Children of Undocumented Immigrants Pay the Price
For the undocumented in America there is little doubt that the acts of migrants have direct consequences for their children. On November 7th, for instance, an astounding 71 percent of voters in Arizona passed a referendum which states that only U.S. citizens and legal residents are eligible for in-state college tuition rates, tuition and fee waivers, and financial assistance. These are kids brought by their parents to this country as young children, in many instances infants in their mothers' arms, and in every instance as children for whom the decision to come here was made without their participation. And yet, they are paying the price, perhaps with their futures. The same referendum would deny childcare to the U.S.-citizen children of undocumented parents. Yes, the child is a citizen of the United States, but voters concluded that to provide the child with care is to reward the parents for the sin of seeking a better life in America.
Even without new laws such as Arizona's, undocumented children already lead precarious lives in the United States. Take the "Wilson Four," for example. In 2002, a group of students from Wilson High School in Phoenix who won an international science competition were rewarded with a visit to Niagara Falls. As an appeals court recently concluded, they were subjected to illegal racial profiling when, at the Canadian border, U.S. immigration officials detained and initiated deportation proceedings against them. One of the Wilson Four, incidentally, has dreams of joining the U.S. Army to defend this country. But he will be unable to do so as long as he lacks legal status.
The Development, Relief, and Education for Alien Minors (DREAM) Act—which was made part of the Comprehensive Immigration Reform Act of 2006 passed by the Senate last year—would remedy this injustice. The bill would offer a pathway to conditional legal status for unauthorized youth who arrived in the United States before age 16, have been here for five years, and have graduated from high school or obtained a GED. Those who obtain conditional legal status would be eligible for permanent legal status—and, five years after that, U.S. citizenship—if they attend college or join the military. Moreover, the bill would allow states to offer these students in-state tuition rates.
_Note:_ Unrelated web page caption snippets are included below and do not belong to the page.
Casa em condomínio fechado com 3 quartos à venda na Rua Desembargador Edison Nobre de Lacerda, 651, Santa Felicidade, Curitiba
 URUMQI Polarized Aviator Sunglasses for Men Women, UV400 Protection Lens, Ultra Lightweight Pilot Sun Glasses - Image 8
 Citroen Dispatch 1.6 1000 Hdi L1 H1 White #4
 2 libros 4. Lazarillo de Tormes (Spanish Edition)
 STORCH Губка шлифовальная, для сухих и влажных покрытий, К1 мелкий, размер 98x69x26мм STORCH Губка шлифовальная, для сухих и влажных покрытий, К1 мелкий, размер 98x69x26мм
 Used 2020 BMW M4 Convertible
If the DREAM Act were passed, a Migration Policy Institute report estimates, 360,000 unauthorized high-school graduates age 18 to 24 would immediately become eligible for conditional legal status and about 715,000 more youth age 5 to 17 would become eligible in the future.
The DREAM Act has been debated for a decade. And for a decade opponents of the bill who argue it rewards the illegal acts of parents have won. There is, of course, a perverse logic to this argument. To absolve the child of the taint of a crime that the child did not commit is to give advantage to the one who did. Denying justice to the innocent child is, therefore, a way to extract punishment from the guilty parent.
Now that a new Congress has arrived in Washington, there finally is hope that justice will prevail. The STRIVE Act, a bipartisan bill introduced in March, incorporates the DREAM Act as well. Only Congress can and must decide whether or not federal law will let hundreds of thousands of children continue to suffer the consequences of parental acts over which they had no control.